Investigators analyzed the efficacy and safety findings from two randomized placebo-controlled phase 3 trials.
The following article is part of conference coverage from the IASP 2018 conference in Boston, Massachusetts. Clinical Pain Advisor's staff will be reporting breaking news associated with research conducted by leading experts in pain medicine. Check back for the latest news from IASP 2018.

The acute treatment of migraine with lasmiditan may be safe and associated with short-term freedom from headache pain and reductions in bothersome headache symptoms, according to results from 2 phase 3 trials to be presented at the World Congress on Pain 2018 conference, held September 12-16 in Boston, Massachusetts.

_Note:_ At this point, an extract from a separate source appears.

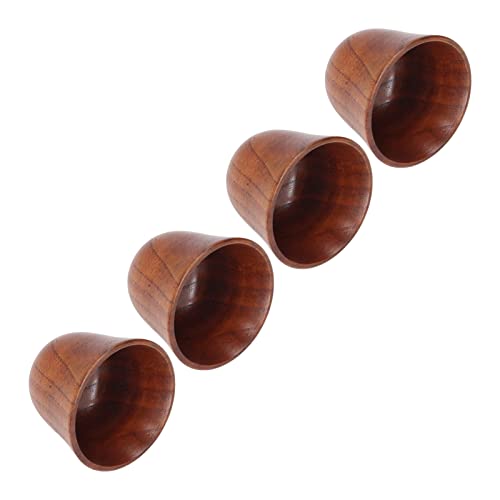 Zerodis 4-Piece Wooden Cup Set, 75ml Capacity, Retro Style, Perfect for Wine and Milk, Heat Insulating Design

Investigators analyzed the efficacy and safety findings from 2 randomized placebo-controlled phase 3 trials (SAMURAI, Clinicaltrials.gov identifier: NCT02439320 and SPARTAN, Clinicaltrials.gov identifier: NCT02605174). Patients included in both trials had 3 to 8 migraine attacks per month and had moderate disability, as assessed by a Migraine Disability Assessment Score ≥11. In the SAMURAI study, researchers randomly assigned patients to receive lasmiditan 200 mg (n=518), lasmiditan 100 mg (n=503), or placebo (n=524). In the SPARTAN study, patients were randomly assigned 1:1:1:1 to receive lasmiditan 200 mg (n=528), lasmiditan 100 mg (n=532), lasmiditan 50 mg (n=556), or placebo (n=540).

Treatment and placebo were taken within 4 hours of migraine onset. A randomly assigned second treatment or placebo dose was provided for rescue or recurrence. Primary and secondary end points were the percentage of patients who were headache pain free and free from most bothersome symptoms at 2 hours after the initial treatment dose, respectively. Treatment safety was assessed by occurrence of treatment-emergent adverse events.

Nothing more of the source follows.